Monte Carlo simulations with Streamlit

A Monte Carlo simulation, also known as a probability simulation, is a method for predicting possible outcomes of uncertain events. It consists of input variables, output variables, and a mathematical model. The name Monte Carlo comes from the famous casino town of Monaco, as chance is a core element of the modeling approach, similar to a game of roulette.

I've used Monte Carlo simulations to predict future stock prices with Snowpark for Python. Since running them was an interactive process, I decided to make a Streamlit app that lets users set parameters and generate predictions—to predict future stock prices. 🎲

In this post, I'll show you how to build it step-by-step.

🎲
You can find the code for the app in my GitHub repository.

Python environment

To start, set up your Python environment (to use any Python-supported IDE for development):

  • Install Python 3.8
  • Install libraries streamlit, snowflake-snowpark-python, scipy, and plotly

App structure

This is a multipage app, so you'll use different Python files for each page.
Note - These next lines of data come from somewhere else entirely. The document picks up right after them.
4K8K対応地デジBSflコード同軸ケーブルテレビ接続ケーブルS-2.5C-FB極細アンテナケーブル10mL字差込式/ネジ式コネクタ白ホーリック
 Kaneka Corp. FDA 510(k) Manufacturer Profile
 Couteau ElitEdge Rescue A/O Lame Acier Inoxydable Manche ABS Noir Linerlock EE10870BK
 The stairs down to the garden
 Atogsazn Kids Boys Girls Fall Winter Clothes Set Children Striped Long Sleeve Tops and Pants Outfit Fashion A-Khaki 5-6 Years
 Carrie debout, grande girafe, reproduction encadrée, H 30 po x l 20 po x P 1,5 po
For example, you'll use 01_Snowflake_connect.py to handle the connection to Snowflake and 02_Run_Monte_Carlo_Simulations.py to run and display the simulations. These files will be imported into the main file, Monte_Carlo_Simulations.py. You'll also create a Python file snf_functions.py to store common functions.

Here is the app's structure:

mcs
 |- lib
      |- snf_functions.py
 |- pages
      |- 01_Snowflake_connect.py
      |- 02_Run_Monte_Carlo_Simulations
 |- Monte_Carlo_Simulations.py

snf_functions.py functions

The purpose of the snf_functions.py file is to hold common functions, such as connecting/disconnecting to Snowflake or retrieving the names of database objects.
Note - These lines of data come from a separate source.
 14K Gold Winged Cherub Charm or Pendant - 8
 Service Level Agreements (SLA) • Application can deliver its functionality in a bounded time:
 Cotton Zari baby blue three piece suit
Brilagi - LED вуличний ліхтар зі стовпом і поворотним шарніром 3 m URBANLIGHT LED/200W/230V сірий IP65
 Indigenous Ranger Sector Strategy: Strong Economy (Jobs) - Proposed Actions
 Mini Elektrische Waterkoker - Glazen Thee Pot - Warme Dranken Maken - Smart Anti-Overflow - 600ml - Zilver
To start, import the necessary modules and functions:

import streamlit as st

from scipy.stats import norm
import numpy as np
from typing import Tuple, Iterable

from snowflake.snowpark import Session
import snowflake.snowpark.functions as F
import snowflake.snowpark.types as T

Next, you'll need functions to connect to and disconnect from the Snowflake account. The st.session_state object lets you store variables that are available across multiple pages.

For example, you can set the account, user, password, and virtual warehouse values in your login page and then use them in your function:

def connect_to_snf():
    if 'snowsession' in st.session_state:
        return st.session_state['snowsession']

    creds = {
        'account': st.session_state['snow_account'],
        'user': st.session_state['snow_user'],
        'password': st.session_state['snow_password'],
        'warehouse': st.session_state['snow_wh']
    }
    session = Session.builder.configs(creds).create()
    st.session_state['snowsession'] = session

    return session

def disconnect_snf():
    if 'snowsession' in st.session_state:
        session = st.session_state['snowsession']
        session.close()
        del st.session_state['snowsession']
        del st.session_state['install_db']
        del st.session_state['install_schema']
        del st.session_state['install_stage']

The app relies on a couple of UDFs to run simulations.

There are two ways to handle this:

  1. Assume they're available
  2. Handle their deployment as part of the app flow

Let's choose the latter and create a function that checks if the UDFs exist in Snowflake.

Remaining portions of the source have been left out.